# Skinny spare for Cruze Diesel?



## Cruze2.0Diesel (Jun 30, 2013)

Should be the same as the non-diesel with the same size rim package.


----------



## Patman (May 7, 2011)

The non diesel is 5X105 and the diesel is 5X115 bolt patter respectively(they are different(diesel/Non-Diesel) go figure). You should be able to locate a spare tire in a junk yard for a GM car that has that bolt pattern like a grand am, Alero etc.


----------



## brian v (Dec 25, 2011)

GM Parts Direct: Your direct source for Genuine GM Parts


----------



## oilburner (Jun 13, 2013)

Garandman said:


> I'd like to get one of the donut spares for this car. Is there such a part from GM?


go get a donut spare at the wreckers from a 03 chev impala. will fit perfect


----------



## Garandman (Dec 31, 2013)

brian v said:


> GM Parts Direct: Your direct source for Genuine GM Parts


Finding a place to buy it is not a problem, I was looking for a specific size or part number.


----------



## Patman (May 7, 2011)

Garandman said:


> Finding a place to buy it is not a problem, I was looking for a specific size or part number.

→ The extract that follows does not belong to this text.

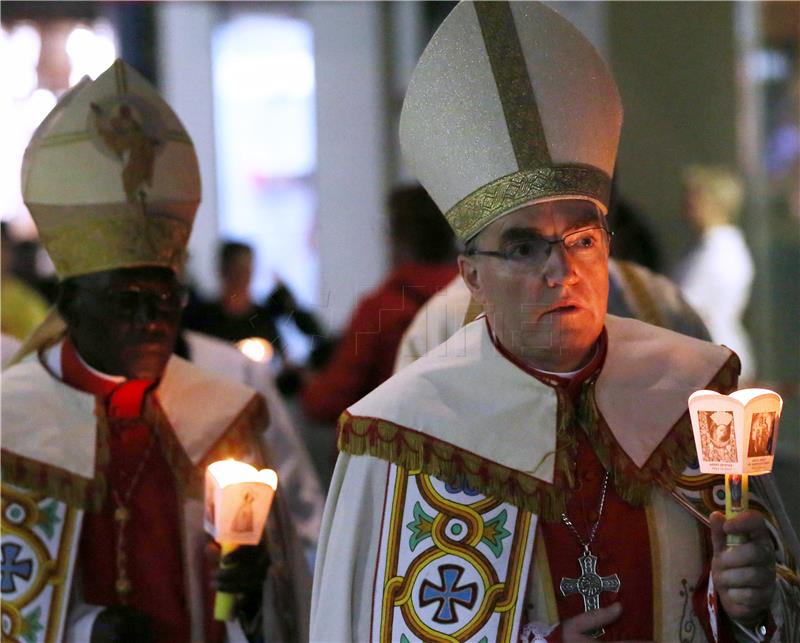  Procesija povodom Svetkovine Majke Božje od Kamenitih vrata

Well as like the Eco that does not come with a spare, I and Obermd bought spares that fit the regular Cruze. Both our cars have the 17 in wheels and tires like your diesel does but we were forced to buy 16 in spares as that is the only thing available for our bolt pattern. Your Diesel has 5X115 bolt pattern so you could probably find a 17 inch spare from an older GM car. I truly do not think there is a specific part number. As far as size I would go with any spare from a GM car with the 17 in wheels/tires on it. jack and tire tool is at your discretion. You may need to rearrange your trunk some with the DEF canister. We had to replace a "hole" in our trunk(the existing trunk form piece with the tire inflator with a flat panel cover for the spare tire. At least that is what I did.


----------



## Garandman (Dec 31, 2013)

So perhaps I've found a solution. See the thread: Volt Spare Tire Guide

I beleive the Volt wheel is the same as the Cruze TD: at least the sames specs are listed for both on Tirerack.



> 1. 2003-2007 CADILLAC CTS STS Spacesaver Spare Tire.
> It seems the generation 1 Cadillac CTS (MY 2003 - 2008) had the same 16" spare size. However, some of the spares are 5 spoke aluminum wheels while others are solid steel wheels. The 5 spoke aluminum wheel fits both front & rear of the Volt, while the steel wheel will only fit the rear (the steel rim will not clear the Volts front calipers).
> 
> The 5-spoke spare has an interchange number 560-08050. Interchange numbers are used by auto recyclers to categorize their parts and to indicate possible substitutions, e.g. any spare with the same interchange number should fit.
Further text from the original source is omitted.